- [EXERCISE PROMPT] Write the data out in full and word for word. Do not include images.

Web page caption snippets:
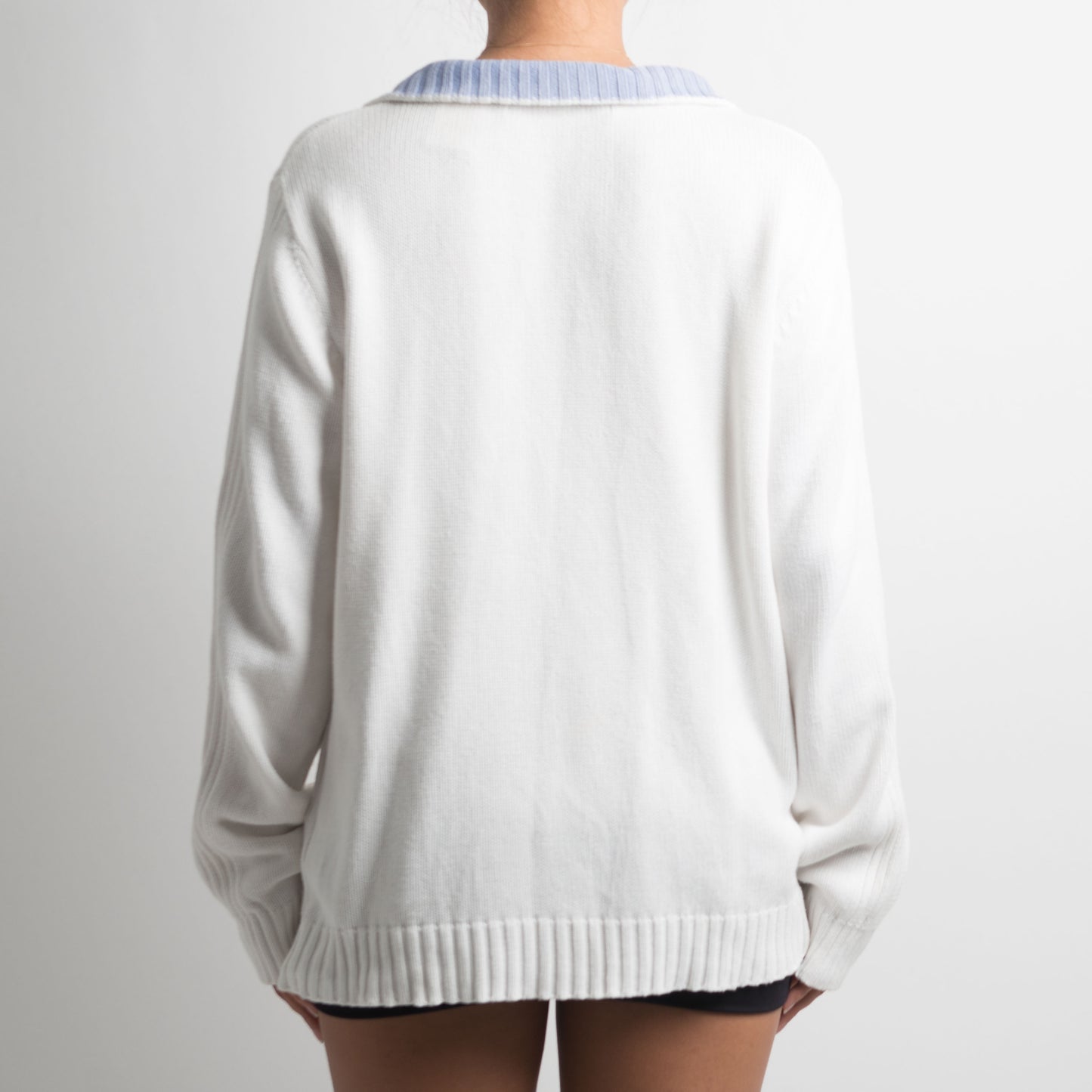 WHITE ZIP FRONT KNIT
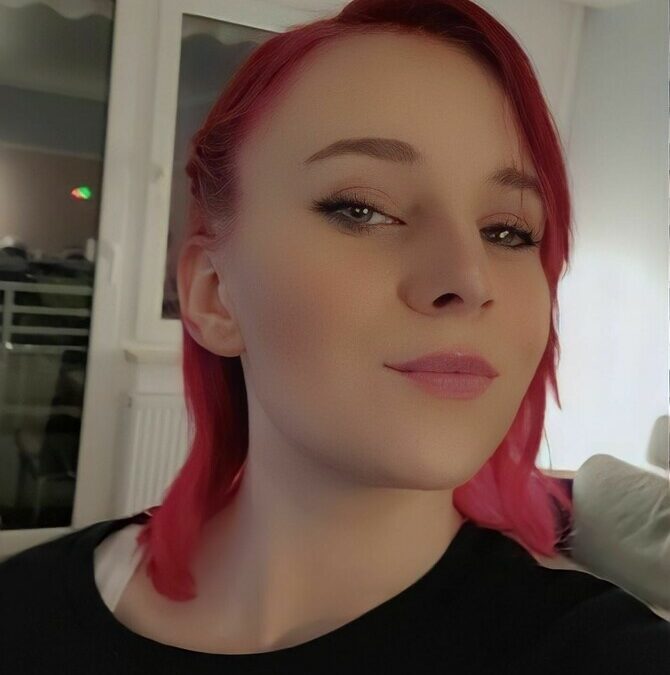 Jule24 - private Porno Darstellerin- 69, Dirtytalk, Sexspielzeuge, Gegenstände einführen, Tittenfick, Deepthroating (Hardcore Blasen), Eier lecken, Große Schwänze, Rollenspiele, Nylon-Strapserotik, Fuß-Fetisch, Lack,Leder, Latex, Doktor-Spiele, Natursekt aktiv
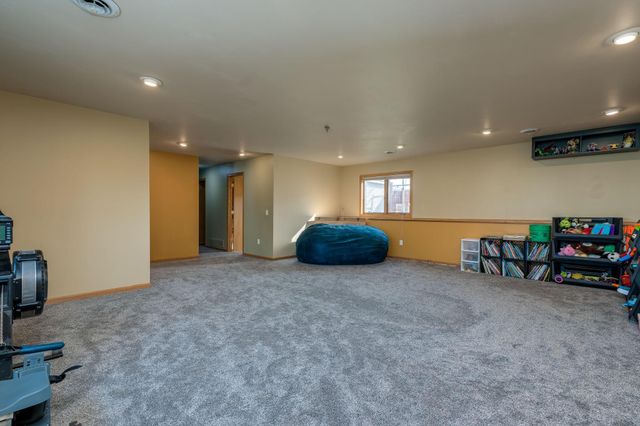 220 Cole Court, Mankato, MN 56001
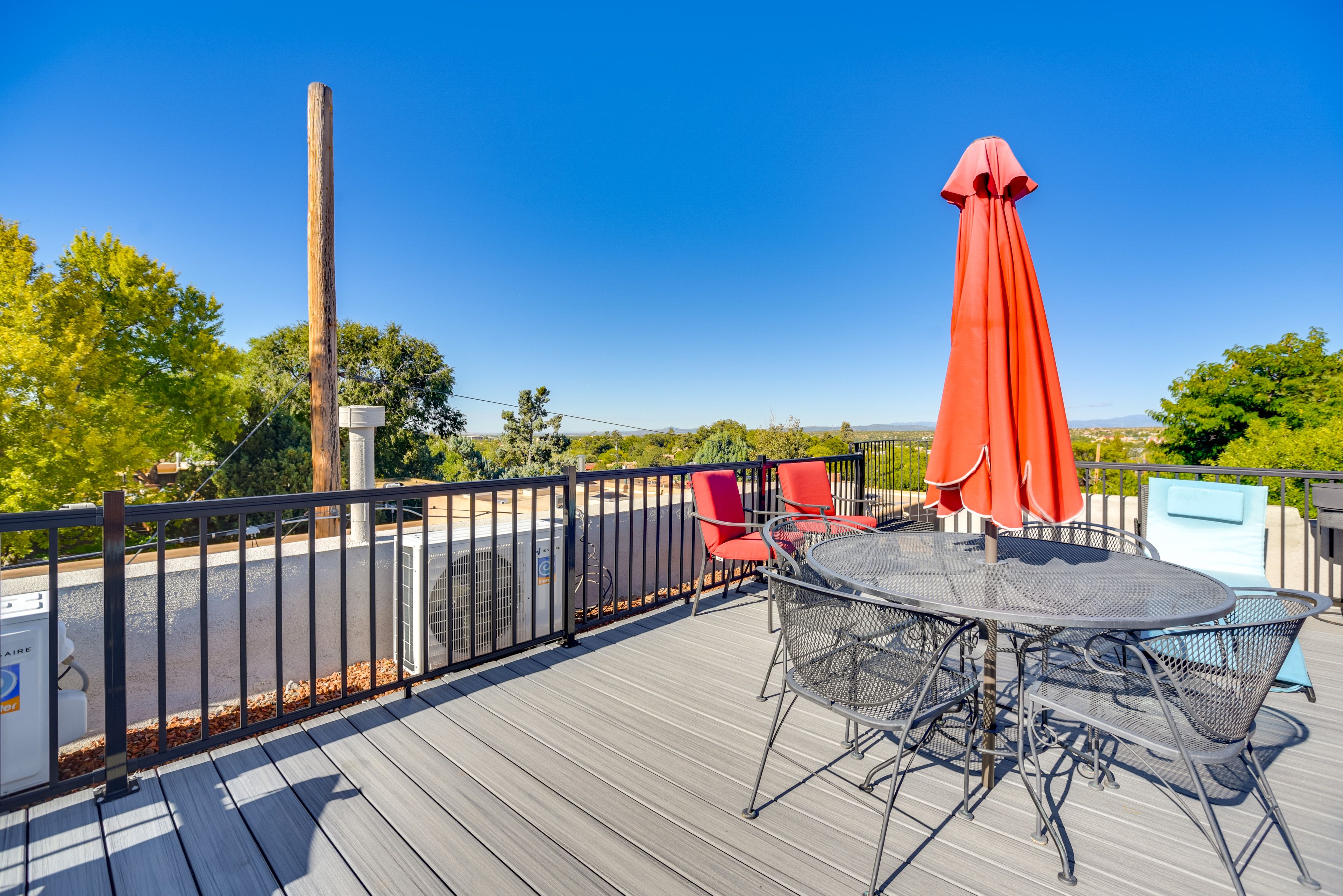 Condo Exterior | Upper Deck | Dining Area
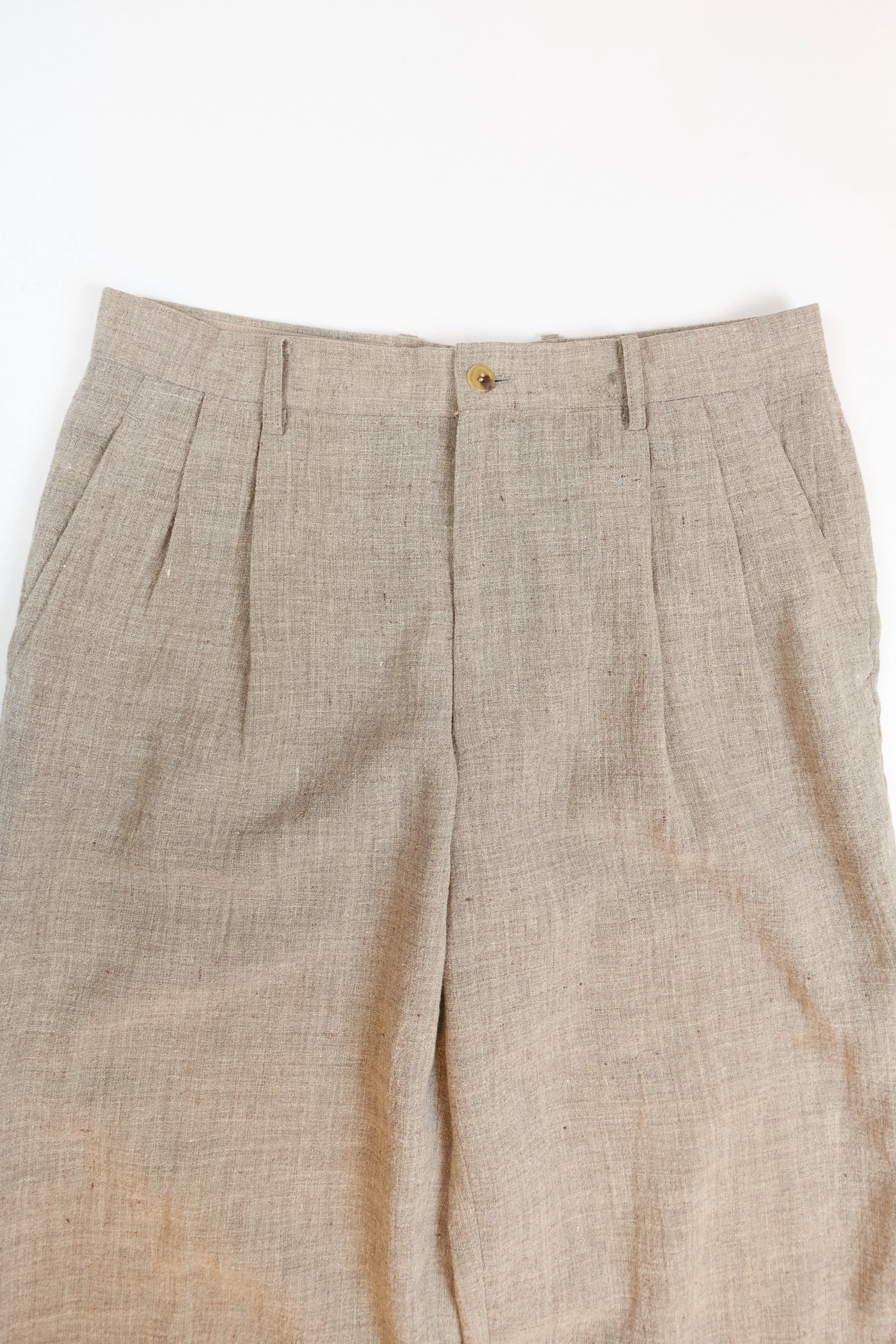 221124 ISSEY MIYAKE MEN pleated high waist trousers beige 1114.jpg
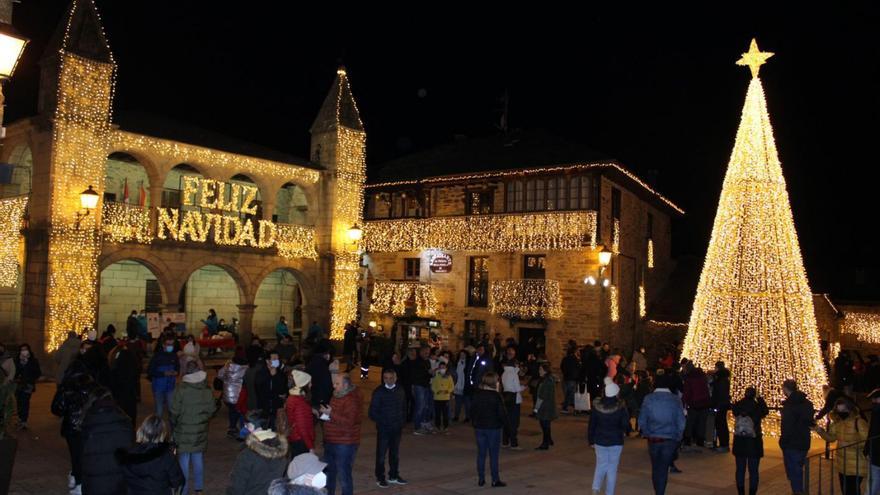 El tirón de las luces navideñas en el “puente de diciembre” en Puebla de Sanabria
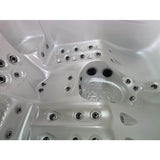 massage des jambes dans le Spa Jacuzzi Wallis de la marque ZigZag SPA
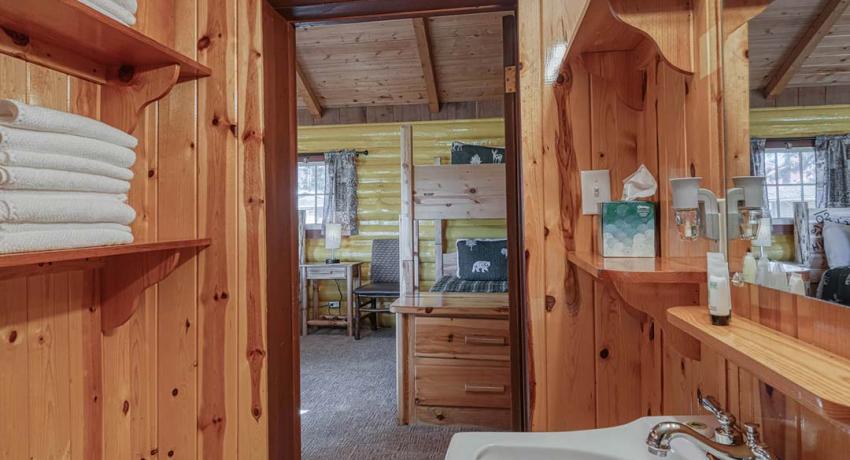 Ashton Log Cabin Rentals - Cabin 7 Bath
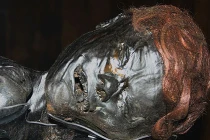 Kỳ bí xác ướp bị rạch từ cổ họng đến mang tai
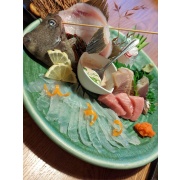 締めたてならではの
ハゲの薄造り肝添え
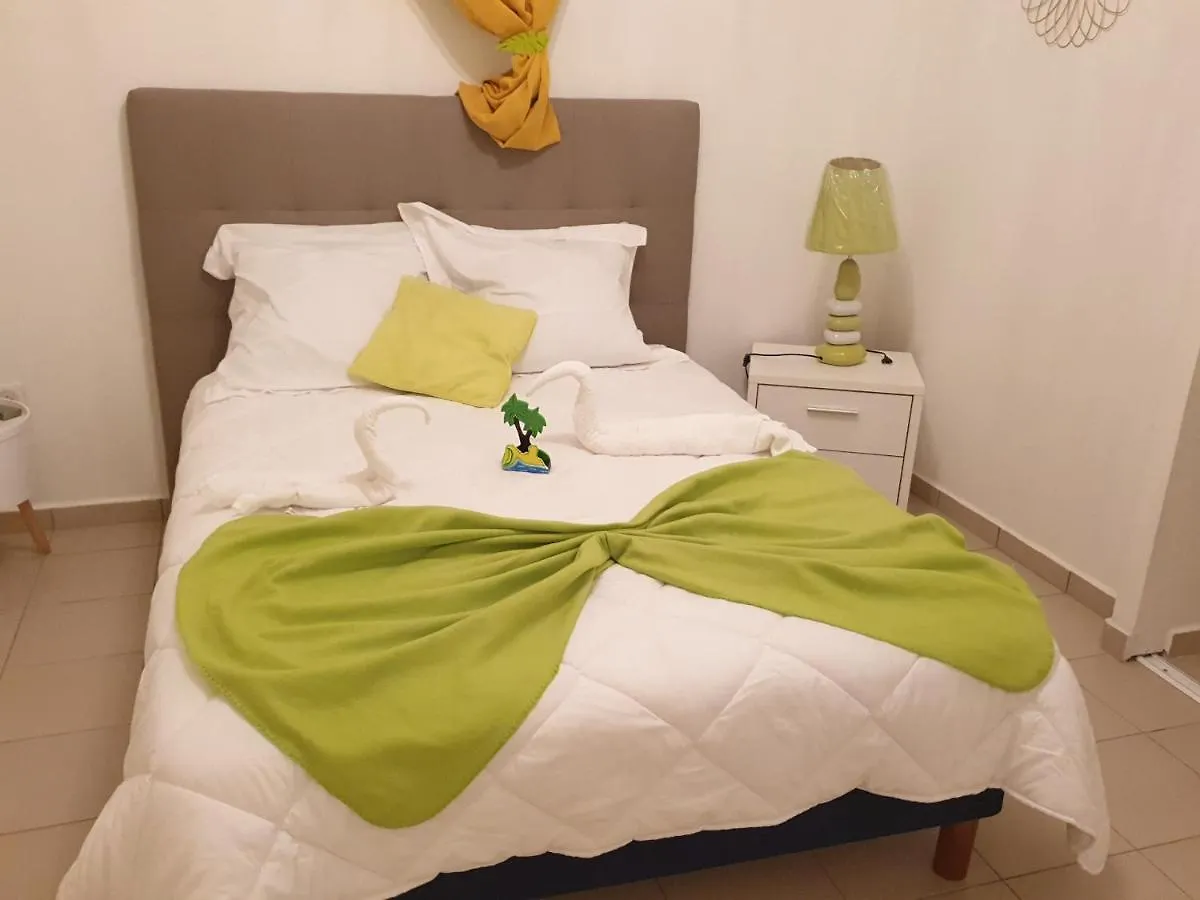 Appartement Sainte-Anne, Location T2 Sun Hollidays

- [REPLY TO THE EXERCISE]
 WHITE ZIP FRONT KNIT
 Jule24 - private Porno Darstellerin- 69, Dirtytalk, Sexspielzeuge, Gegenstände einführen, Tittenfick, Deepthroating (Hardcore Blasen), Eier lecken, Große Schwänze, Rollenspiele, Nylon-Strapserotik, Fuß-Fetisch, Lack,Leder, Latex, Doktor-Spiele, Natursekt aktiv
 220 Cole Court, Mankato, MN 56001
 Condo Exterior | Upper Deck | Dining Area
 221124 ISSEY MIYAKE MEN pleated high waist trousers beige 1114.jpg
 El tirón de las luces navideñas en el “puente de diciembre” en Puebla de Sanabria
 massage des jambes dans le Spa Jacuzzi Wallis de la marque ZigZag SPA
 Ashton Log Cabin Rentals - Cabin 7 Bath
 Kỳ bí xác ướp bị rạch từ cổ họng đến mang tai
 締めたてならではの
ハゲの薄造り肝添え
 Appartement Sainte-Anne, Location T2 Sun Hollidays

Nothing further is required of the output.